The vast majority of what you see, hear and read on CBC radio, TV and the Internet, in French and English, has been made by Guild members. We are on-air, production, technical and administrative employees at CBC/Radio-Canada outside Quebec and Moncton. We are strongly committed to quality Canadian broadcasting and have been leading supporters of the campaigns to save the CBC and public broadcasting during the crises of the recent past.
A Brief History of the Guild at the CBC:
The Guild got its first contract at the CBC in 1953 after it signed up a handful of radio news reporters and editors. At the time, it was called the Canadian Wire Service Guild and there was a greater symmetry between wire service work and broadcasting because radio news and the fledgling field of television news were very dependent on the wire services for information. It was common for announcers to simply read Canadian Press copy over the air. So even as the CBC arm of the union grew, the old Canadian Wire Service Guild name stuck until 1993. That’s when a vote among unionized employees was held at the CBC, designed to decrease the number of unions from 13 to 3. A majority of employees responsible for producing programming chose the Guild and the union’s membership zoomed from 700 to 3,300. And because the nature of the new membership was so varied, a name change was finally in order: the Canadian Media Guild was officially born.

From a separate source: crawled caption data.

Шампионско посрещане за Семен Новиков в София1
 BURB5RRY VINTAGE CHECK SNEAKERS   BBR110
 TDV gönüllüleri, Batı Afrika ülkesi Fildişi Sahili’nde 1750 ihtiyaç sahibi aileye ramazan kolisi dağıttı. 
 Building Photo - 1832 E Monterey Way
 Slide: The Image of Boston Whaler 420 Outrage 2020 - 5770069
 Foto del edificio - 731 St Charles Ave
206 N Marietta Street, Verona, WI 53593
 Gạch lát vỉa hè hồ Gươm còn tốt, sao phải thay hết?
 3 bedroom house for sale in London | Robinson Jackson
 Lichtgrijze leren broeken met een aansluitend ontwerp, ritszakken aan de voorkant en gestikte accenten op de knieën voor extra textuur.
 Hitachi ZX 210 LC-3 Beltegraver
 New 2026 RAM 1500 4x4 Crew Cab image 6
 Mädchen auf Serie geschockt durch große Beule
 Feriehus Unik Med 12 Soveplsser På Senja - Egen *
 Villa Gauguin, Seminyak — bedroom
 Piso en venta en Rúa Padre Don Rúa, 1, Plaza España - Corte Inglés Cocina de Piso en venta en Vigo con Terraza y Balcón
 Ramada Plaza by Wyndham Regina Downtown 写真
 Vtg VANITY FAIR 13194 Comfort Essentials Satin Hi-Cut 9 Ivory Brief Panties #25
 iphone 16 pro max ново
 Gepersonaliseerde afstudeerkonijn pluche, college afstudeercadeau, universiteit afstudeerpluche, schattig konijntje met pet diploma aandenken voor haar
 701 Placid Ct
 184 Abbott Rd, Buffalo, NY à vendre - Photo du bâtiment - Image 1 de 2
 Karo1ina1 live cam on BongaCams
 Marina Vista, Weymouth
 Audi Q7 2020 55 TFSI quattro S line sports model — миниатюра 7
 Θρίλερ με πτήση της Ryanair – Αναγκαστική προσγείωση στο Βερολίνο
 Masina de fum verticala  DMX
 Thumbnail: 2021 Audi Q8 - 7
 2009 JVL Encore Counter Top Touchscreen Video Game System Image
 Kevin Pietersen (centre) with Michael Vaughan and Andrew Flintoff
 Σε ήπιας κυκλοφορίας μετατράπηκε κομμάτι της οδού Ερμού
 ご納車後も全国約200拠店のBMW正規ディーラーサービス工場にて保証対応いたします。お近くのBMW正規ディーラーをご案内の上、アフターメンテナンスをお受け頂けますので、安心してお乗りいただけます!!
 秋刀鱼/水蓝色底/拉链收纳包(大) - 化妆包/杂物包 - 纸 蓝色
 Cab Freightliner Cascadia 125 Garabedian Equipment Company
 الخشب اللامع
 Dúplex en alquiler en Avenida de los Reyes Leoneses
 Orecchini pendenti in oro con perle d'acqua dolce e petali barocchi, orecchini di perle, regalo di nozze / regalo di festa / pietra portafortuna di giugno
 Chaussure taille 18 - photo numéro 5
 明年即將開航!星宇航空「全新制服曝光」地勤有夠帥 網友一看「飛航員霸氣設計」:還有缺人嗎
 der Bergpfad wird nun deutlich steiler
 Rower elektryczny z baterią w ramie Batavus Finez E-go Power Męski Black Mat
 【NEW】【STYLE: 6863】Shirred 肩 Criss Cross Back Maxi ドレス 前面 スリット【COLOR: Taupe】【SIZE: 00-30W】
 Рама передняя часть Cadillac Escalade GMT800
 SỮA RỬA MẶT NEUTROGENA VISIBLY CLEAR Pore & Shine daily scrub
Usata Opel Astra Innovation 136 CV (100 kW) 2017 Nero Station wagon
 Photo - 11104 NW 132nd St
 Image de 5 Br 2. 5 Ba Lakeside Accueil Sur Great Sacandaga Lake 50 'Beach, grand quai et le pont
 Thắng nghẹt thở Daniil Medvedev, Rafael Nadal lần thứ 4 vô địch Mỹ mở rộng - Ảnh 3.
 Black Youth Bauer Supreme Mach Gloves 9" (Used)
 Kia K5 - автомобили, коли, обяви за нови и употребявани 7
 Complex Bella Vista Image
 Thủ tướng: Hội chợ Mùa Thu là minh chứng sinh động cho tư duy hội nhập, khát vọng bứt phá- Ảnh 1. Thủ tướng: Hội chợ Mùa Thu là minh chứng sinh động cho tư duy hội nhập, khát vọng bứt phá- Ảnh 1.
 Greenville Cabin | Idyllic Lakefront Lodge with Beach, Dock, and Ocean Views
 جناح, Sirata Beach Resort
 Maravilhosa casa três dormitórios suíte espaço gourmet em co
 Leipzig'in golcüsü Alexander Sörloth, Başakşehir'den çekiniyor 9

In 1998, the 700 members of the Canadian Broadcast Employees Union, a division of the Canadian Union of Public Employees, merged with CMG. And in late 2003, approximately 1,500 employees formerly represented by the Communication, Energy and Paperworkers union came to the CMG after another representation vote. All non-managerial CBC employees outside of Moncton, NB and the province of Quebec are now represented by the Canadian Media Guild. The unified bargaining unit ratified its first collective agreement in October 2005 after an eight-week lockout.